▸ **INFORMATION**:
+++

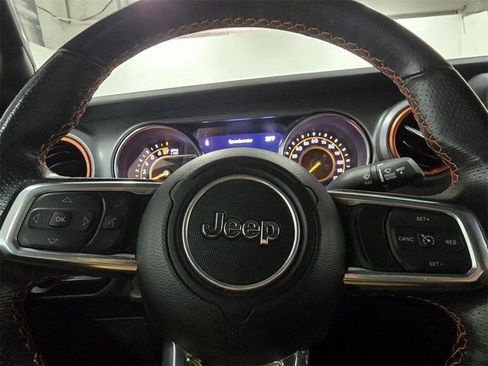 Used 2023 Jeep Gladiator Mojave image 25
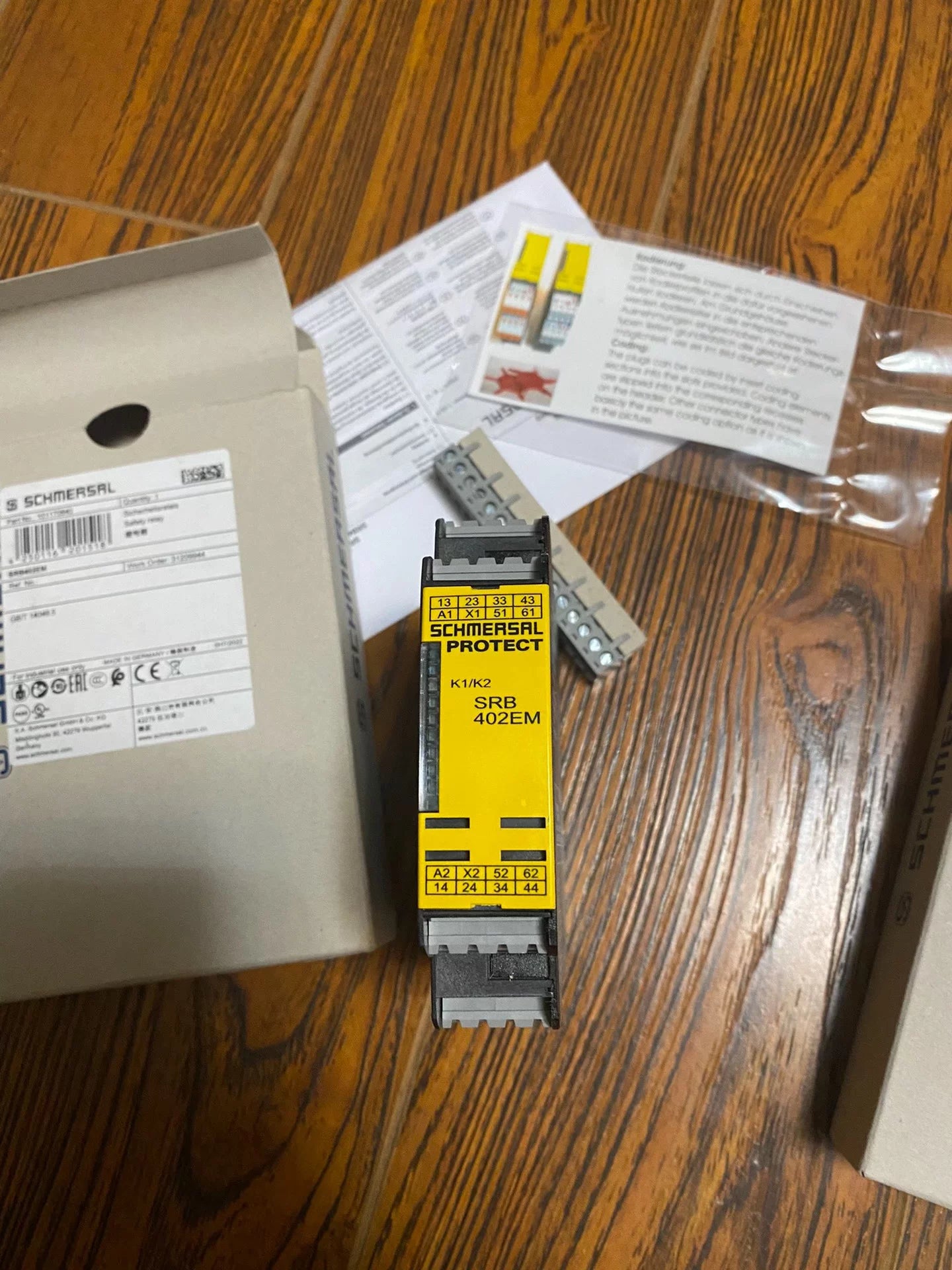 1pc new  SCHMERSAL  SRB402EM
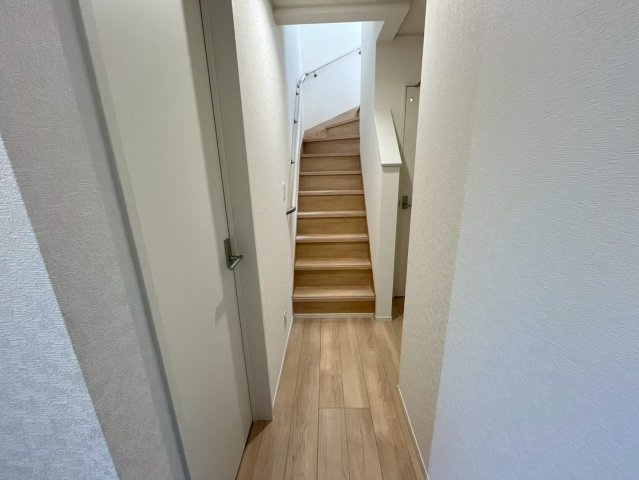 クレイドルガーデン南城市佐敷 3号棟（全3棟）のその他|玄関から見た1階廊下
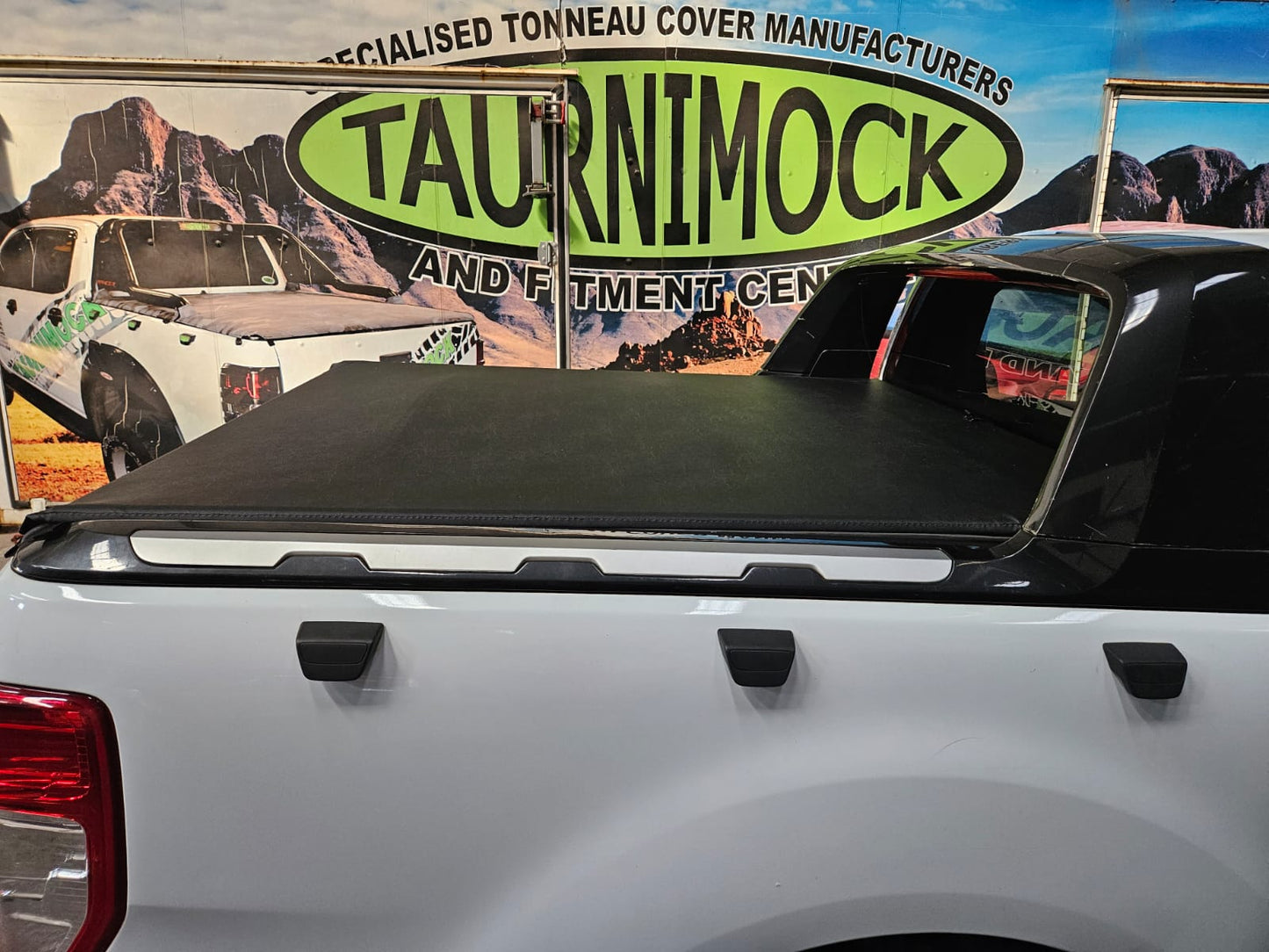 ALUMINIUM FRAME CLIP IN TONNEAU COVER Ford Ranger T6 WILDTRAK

+++

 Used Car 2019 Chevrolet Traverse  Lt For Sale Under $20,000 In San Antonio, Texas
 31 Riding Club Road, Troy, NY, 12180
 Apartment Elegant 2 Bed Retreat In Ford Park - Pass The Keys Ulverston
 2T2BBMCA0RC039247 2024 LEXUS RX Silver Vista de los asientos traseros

+++

▸ **PROBLEM STATEMENT**: Restate word for word every line from the one with "Used 2023 Jeep Gladiator Mojave image 25" up to and including the one with "ALUMINIUM FRAME CLIP" in the records above, minus the pictures.

▸ **TASK RESPONSE**:
 Used 2023 Jeep Gladiator Mojave image 25
 1pc new  SCHMERSAL  SRB402EM
 クレイドルガーデン南城市佐敷 3号棟（全3棟）のその他|玄関から見た1階廊下
 ALUMINIUM FRAME CLIP IN TONNEAU COVER Ford Ranger T6 WILDTRAK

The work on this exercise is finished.